Data structure and graph flow

Completed

GraphLab was developed by Carnegie Mellon University and provides an example of graph-parallel distributed analytics engines for the cloud. As with any graph-parallel engine, GraphLab assumes input problems modeled as graphs, in which vertices represent computations and edges encode data dependencies or communication.

GraphLab evolution and versions

GraphLab was initially developed as a graph processing framework that targets shared memory systems (multi-core machines)1. GraphLab then included a distributed execution engine to allow for computation of extremely large graphs across a cluster of machines.2 PowerGraph3 (also known as GraphLab 2.0) emerged using techniques that allowed for faster distributed processing of graphs that followed the power-law distribution (such as social graphs). GraphLab has been since spun off into a commercial startup called Dato Inc., which provides the GraphLab Create software package. Our discussion of GraphLab in this module will cover the latest open-source version, PowerGraph (GraphLab 2.0).

In GraphLab, graphs are initially stored as files in an underlying distributed storage layer, such as HDFS, as shown in Figure 5. GraphLab is composed of two phases: initialization and execution. During initialization, the GraphLab engine reads input graph files from the underlying storage and divides them into multiple partitions that can be distributed among multiple machines in the cluster. During the execution phase, each machine runs the user-defined computation on the graph vertices, transmitting updates and iterating until some convergence condition is met.

Initialization phase

The GraphLab system. In the initialization phase, the atoms are constructed using MapReduce (for example). In the GraphLab execution phase, the atoms are assigned to cluster machines and loaded by machines from a distributed file system (e.g., HDFS).

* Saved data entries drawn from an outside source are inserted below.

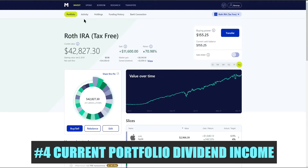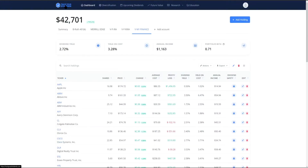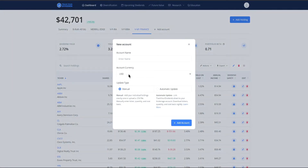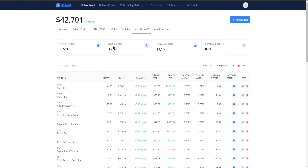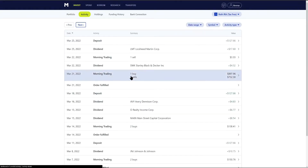Moving on to number four, the current portfolio dividend income. To track dividends I use trackyourdividends.com - it's completely free. You can add an account manually, track it in any currency, and update it manually or automatically by linking your broker account, though I believe that's a premium feature. Currently within this account we have annual income of $1,063. Last week it was $1,160, and we're going to update it with our recent buys and sales.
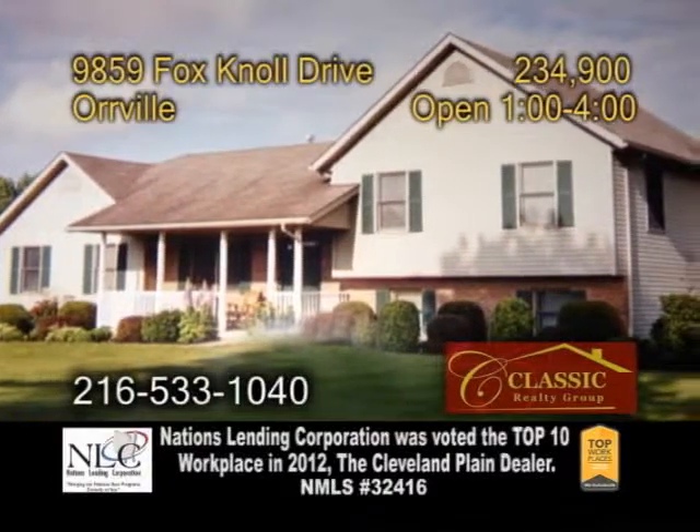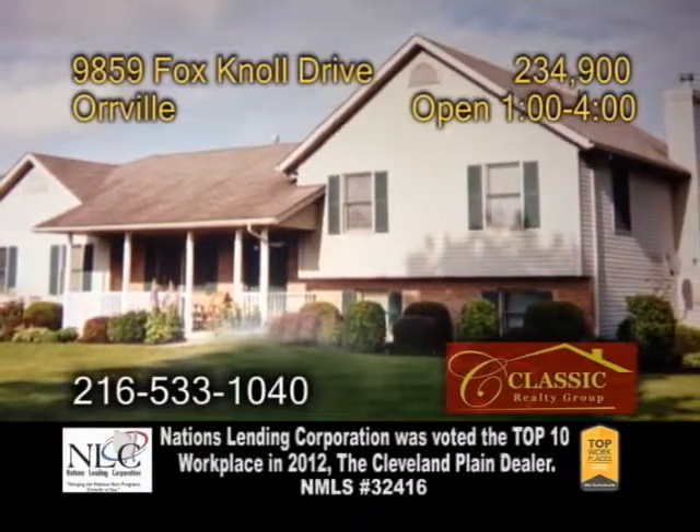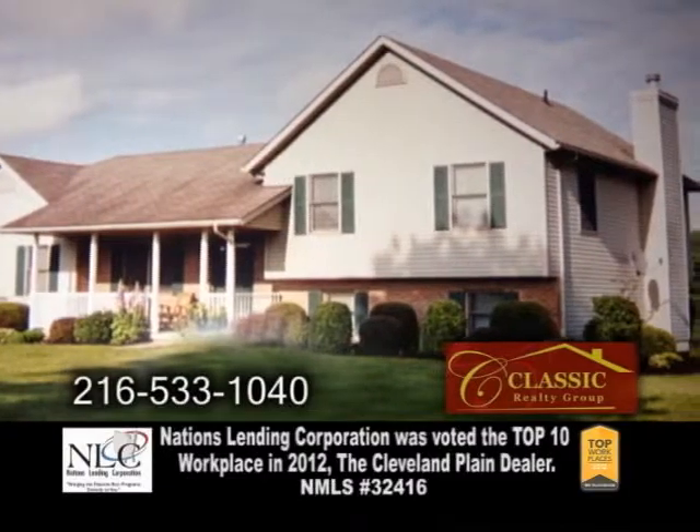A split level on over an acre in Oroville. This home features four bedrooms and two full baths.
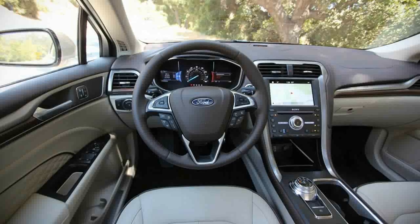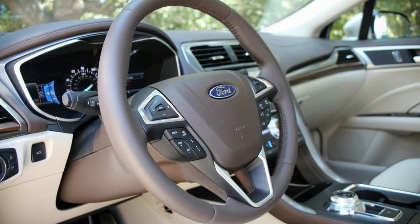The interior design is handsome, but the infotainment display looks tacked on and tacky. Apple CarPlay and Android Auto are optional.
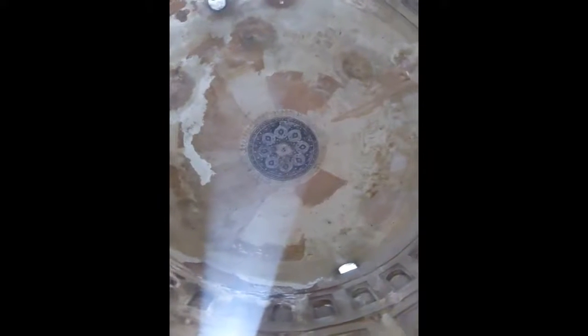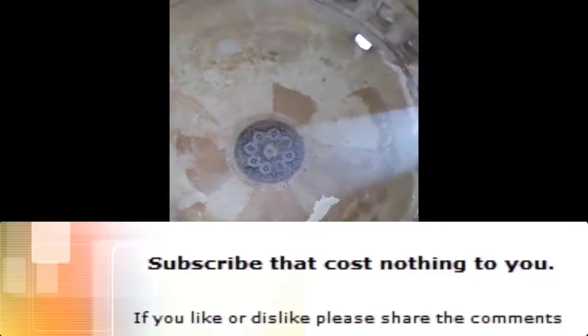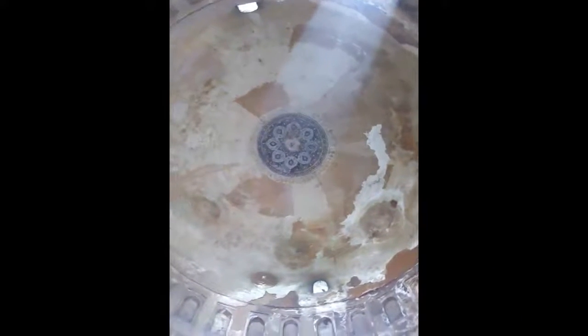This is the Bhul Bhalaiya of Delhi. This is a historical monument which was not taken care of by anybody. This is a historical monument of Delhi.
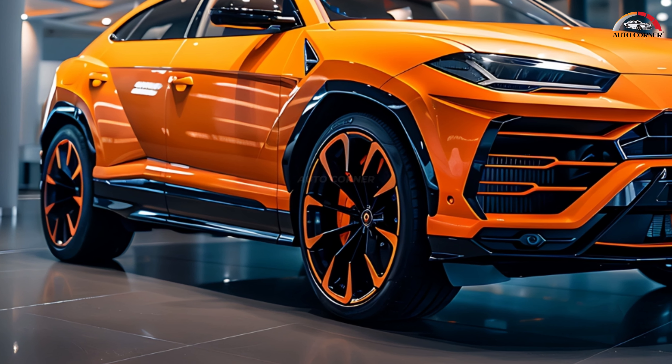With an electrically assisted punch, this beast accelerates from 0 to 60 miles per hour in just 3.4 seconds and achieves a top speed of 194 miles per hour. Equipped with a 25 kilowatt-hour battery pack located beneath the cargo area, the Urus SE offers a claimed electric-only driving range of 37 miles, providing both efficiency and exhilarating performance.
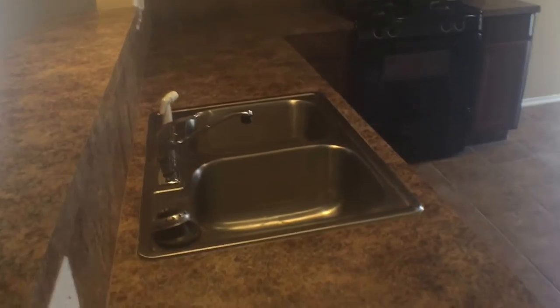Exiting the bathroom, heading back into the living room, and I'll be taking a right and showing you the kitchen. Very big spacious kitchen.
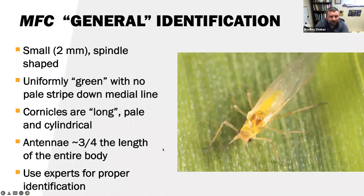The general identification of MFC: it's a small aphid, about two millimeters, spindle-shaped, uniformly green with no pale stripe down the medial line. The cornicles are long, pale, and cylindrical. The antennae are long — about three-fourths the length of the entire body. It's important to use experts for proper identification of MFC; we have quite a good network for that.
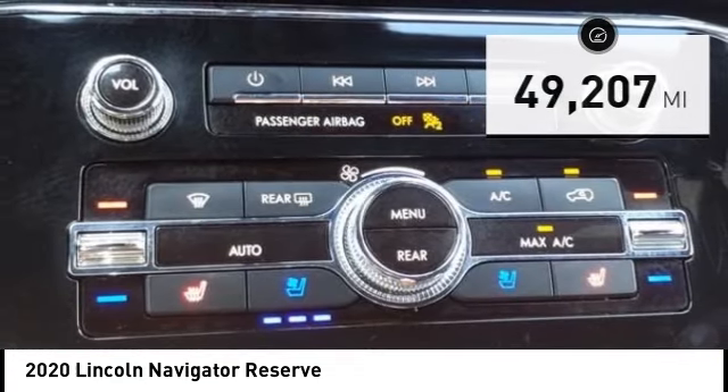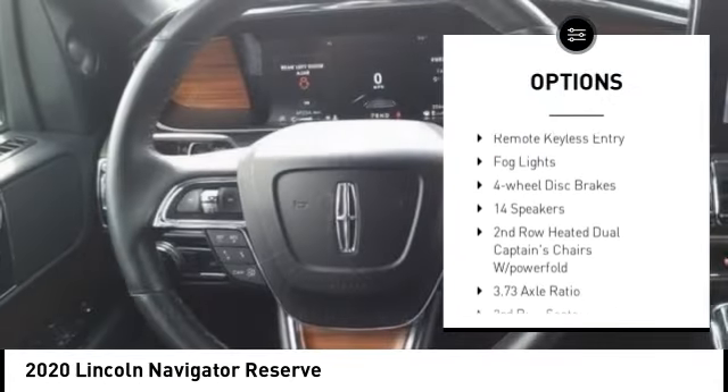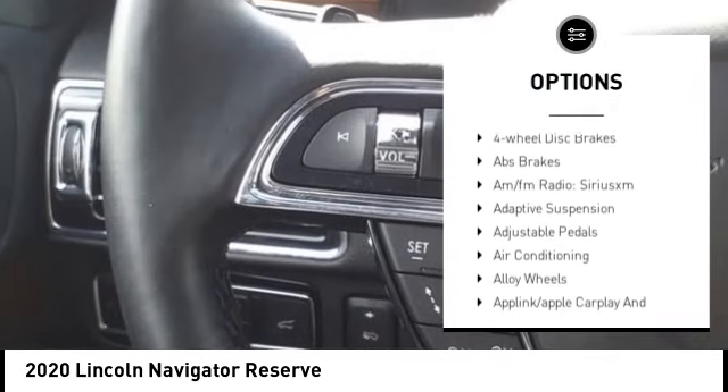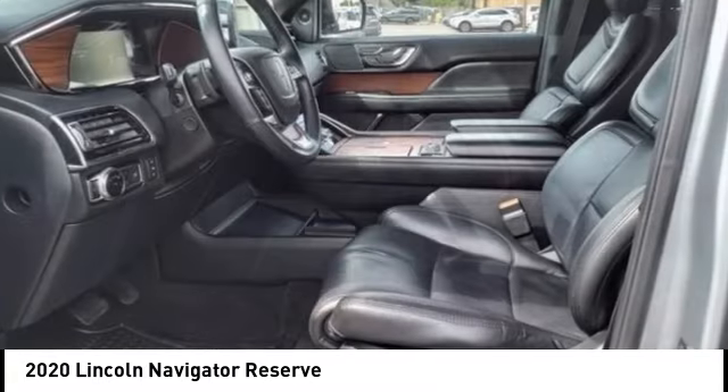Here are some of this vehicle's great options: rain-sensing wipers, electronic stability control, alloy wheels, rear spoiler, power liftgate, brake assist, traction control, remote keyless entry, fog lights, and four-wheel disc brakes.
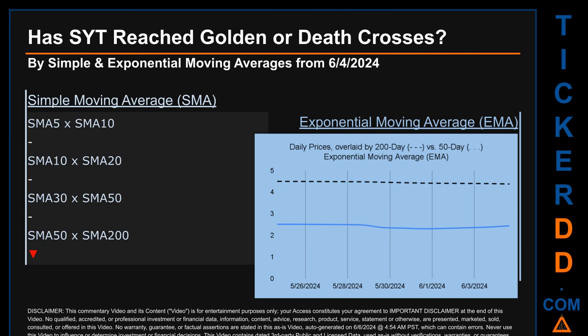Now back to the video. Has SYT price reached golden or death crosses? Golden cross and death cross are basic signals that compare average prices across two specified trade day ranges — a short-term versus a long-term range. For example, five-day versus ten trade days. A golden cross is a bullish signal: it appears when a ticker's short-term moving average crosses above its long-term average. Vice versa, a death cross is a bearish signal when the short-term crosses below its long-term moving average. For our analysis, we decided to look at both simple moving average SMA and exponential moving average EMA, the latter giving more weighting to recent prices.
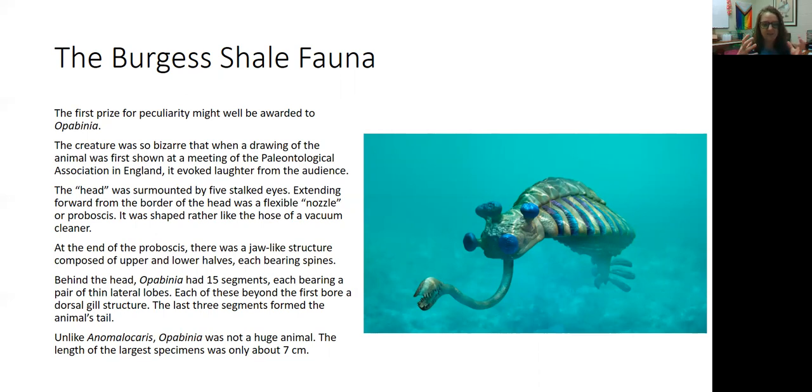Behind the head there were 15 segments, each bearing a pair of thin lateral lobes. Behind this, it had gills, and the last three segments formed a weird tail shape. Unlike Anomalocaris, which was ferocious, Opabinia was not very large — only about seven centimeters long. It was a really cute little fellow. It was still a predator, but it only preyed on small organisms.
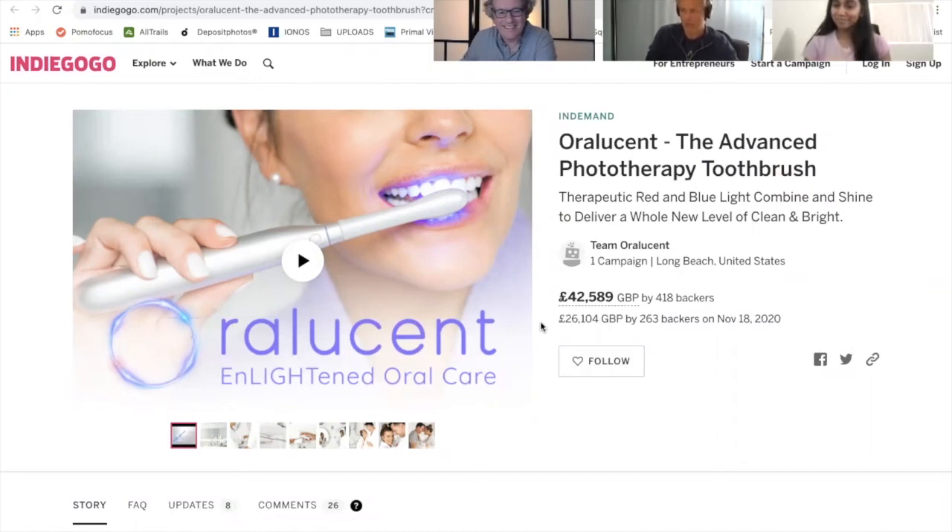We look forward to many happy customers with this next generation product. Thank you so much Reddy and Timothy from Oral Listen, live on Indiegogo with the Oral Listen Advanced Phototherapy Toothbrush. Thank you so much guys.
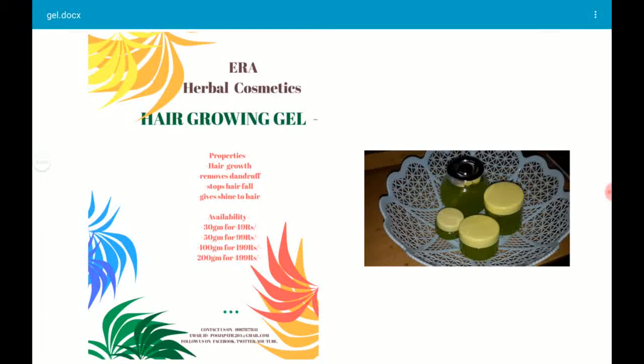The gel is available in different packaging: the silver cap one, which is 200 grams, is available for 499 rupees — the price is higher because of the glass packaging. The smaller 30 gram size is 49 rupees, and the 50 gram size is 99 rupees.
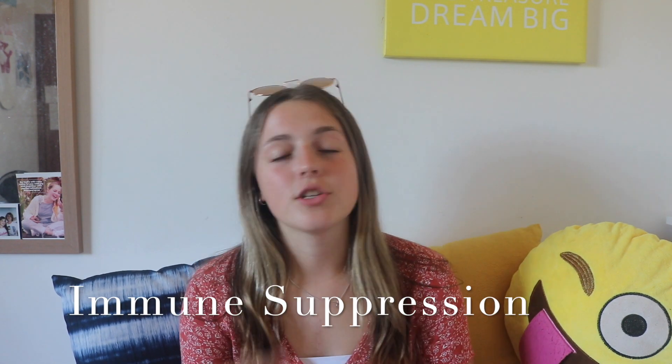Hi everybody, my name is Luca Angel. Welcome back to my YouTube channel. So today I'm going to talk to you guys about immune suppression. I'm basically just going to explain what it is, why we have it, how to cope with it. Let's get straight into it, shall we?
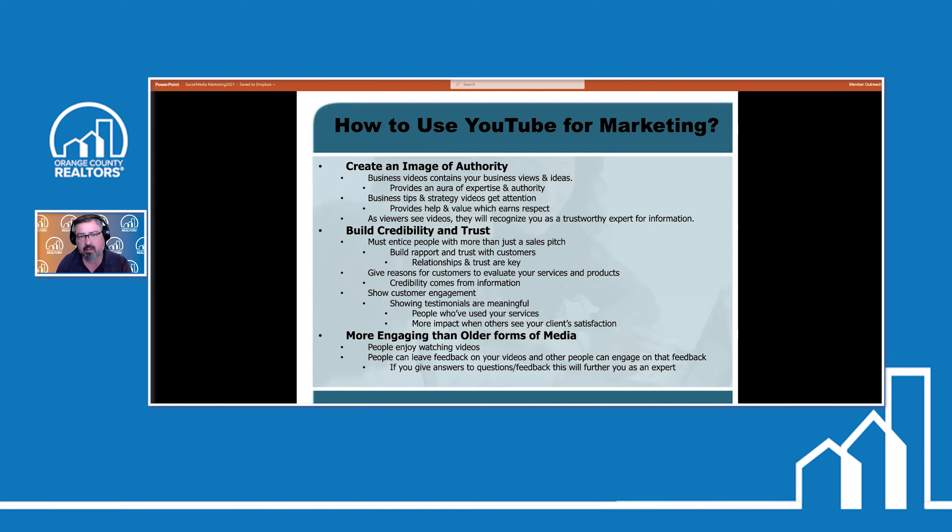Business tips and strategy videos get attention from people. You're providing help and value, which earns people's respect. As a viewer, they're going to recognize you as a trustworthy expert for information. This also builds credibility and trust — so you've got to entice them with more than just a sales pitch. 91% of people are using social media, but not all of them are very good at it. The biggest mistake most of them make is it's just a sales pitch: 'I've got a listing for sale, I've got a listing for sale.' Nobody wants to hear that all day long.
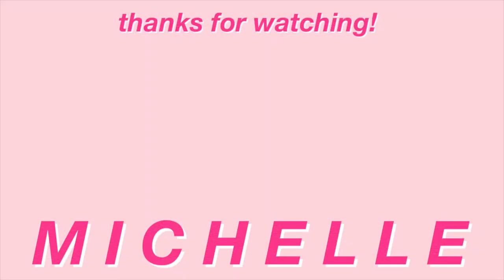That is everything I have to show you guys! I hope you enjoyed this video. Don't forget to check out Ana Luisa and their summer sale — everything on their website is 20% off, link is down below. Thank you again to Ana Luisa for sponsoring today's video, and thank you guys so much for watching. I'll talk to you in the next one, bye guys!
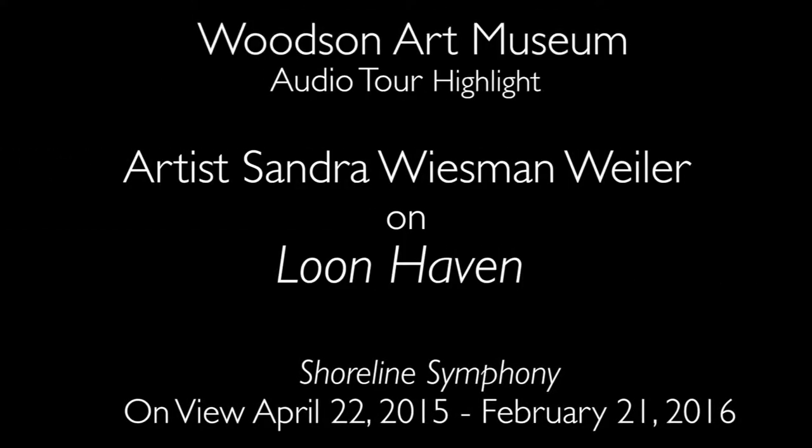Hi, I'm Sandra Wiesman-Wyler, and I'd like to introduce you to my painting, Loon Haven. This painting came about when my family and I went to visit White Birch Lake in northern Wisconsin.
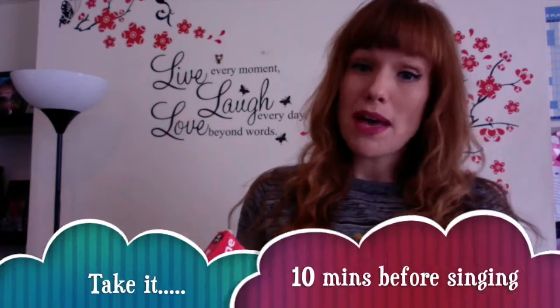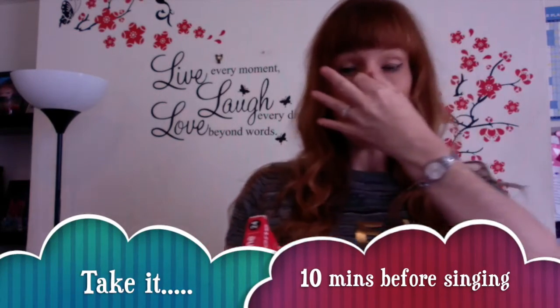This is what I use VocalZone for. What I find is when I take these, probably 10 minutes before I'm about to go on stage, it basically just opens up all my sinuses, all my airways, makes everything feel really clear. A bit like when you've cleaned your teeth — you know how your mouth feels that real fresh feeling? Well, VocalZone does this to all of your sinuses and throat area.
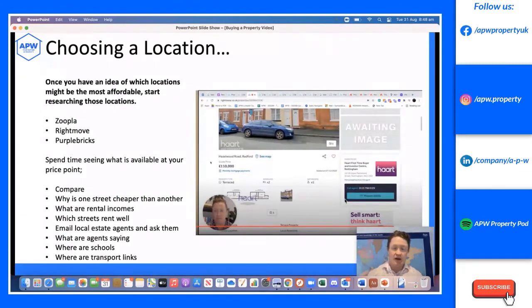Once you have an idea of locations, do a deep dive using Zoopla, Rightmove, and Purple Bricks. Spend time on a Saturday morning comparing properties at your price point — why is one street cheaper than another, what are the rental incomes? Email local estate agents, tell them you're an investor, ask what's available. Look at schools, transport links. We did exactly this for Nottingham with a £130,000 budget — you can watch that full series on our YouTube.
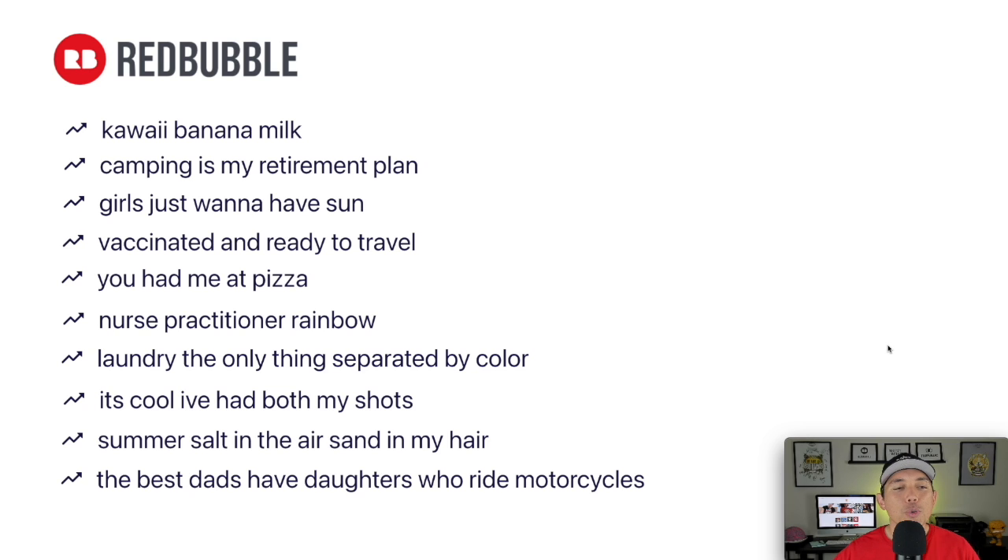We made it to the end — here are all 10 trends. Take a snapshot for your to-do list. If I had to pick, the BSRs say 'I've Had Both My Shots' is the strongest, with very low BSRs — I can put it on both Merch by Amazon and Redbubble. But for design, I really like kawaii banana milk and 'You Had Me at Pizza.' Father's Day is about two weeks out, so get on that one fast.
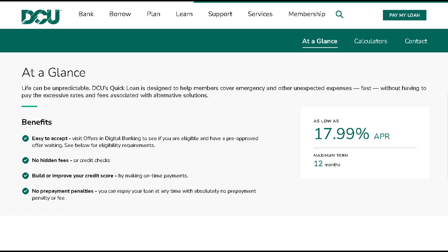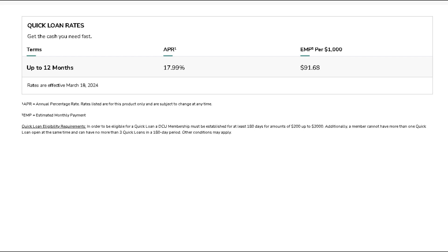Our user-friendly platform makes it easy to apply and get approved, so you can focus on what matters most — your business. Join the ranks of savvy entrepreneurs who trust Digital Federal Credit Union for their Quick Loan needs.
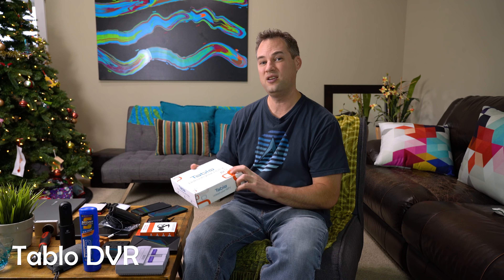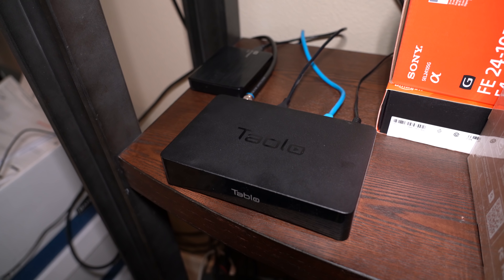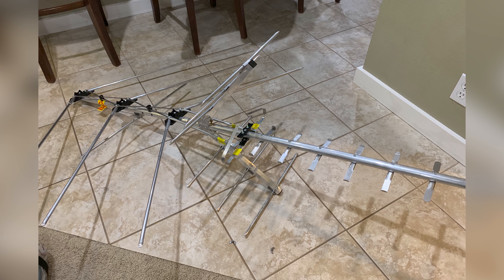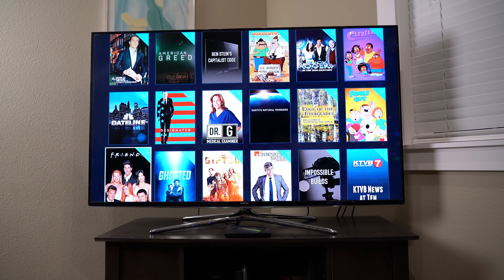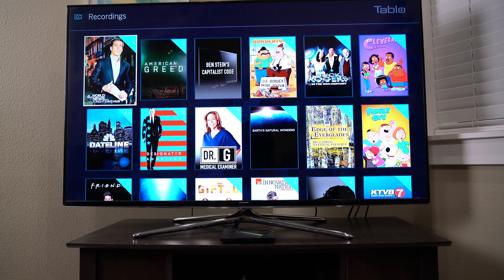This DVR I've had for years but just this year I got a new big antenna for it. I was using one of those little flexible wall antennas and it wasn't getting many channels, but the new big antenna gets about 25 local over-the-air channels — an insane amount of free television. I pay five dollars a month for the Tablo DVR service, but you could use it for free as well. Five dollars a month to me is worth it for basically unlimited free television. I highly recommend the Tablo DVR.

Figure 5: The GraphLab system. In the initialization phase, the atoms are constructed using MapReduce (for example). In the GraphLab execution phase, the atoms are assigned to cluster machines and loaded by machines from a distributed file system (e.g., HDFS).

In the first phase, the input graph is divided into k partitions, called atoms, where k is much larger than the number of cluster machines. As demonstrated in Figure 5, atoms can be constructed either sequentially or using parallel loading techniques, including MapReduce. GraphLab does not store the actual vertices and edges in atoms but rather the commands to generate them, in the form of a journal. This allows GraphLab to reconstruct portions of the graph in case of node failures. In addition, GraphLab maintains in each atom information about its neighboring vertices and edges. This information, denoted in GraphLab as ghost vertices, provides a caching capability for efficient adjacency data accessibility.

Graph partitioning strategies. (a) Illustrates the edge-cut partitioning technique, while (b) illustrates the vertex-cut technique.

Figure 6: Graph partitioning strategies. (a) Illustrates the edge-cut partitioning technique, while (b) illustrates the vertex-cut technique.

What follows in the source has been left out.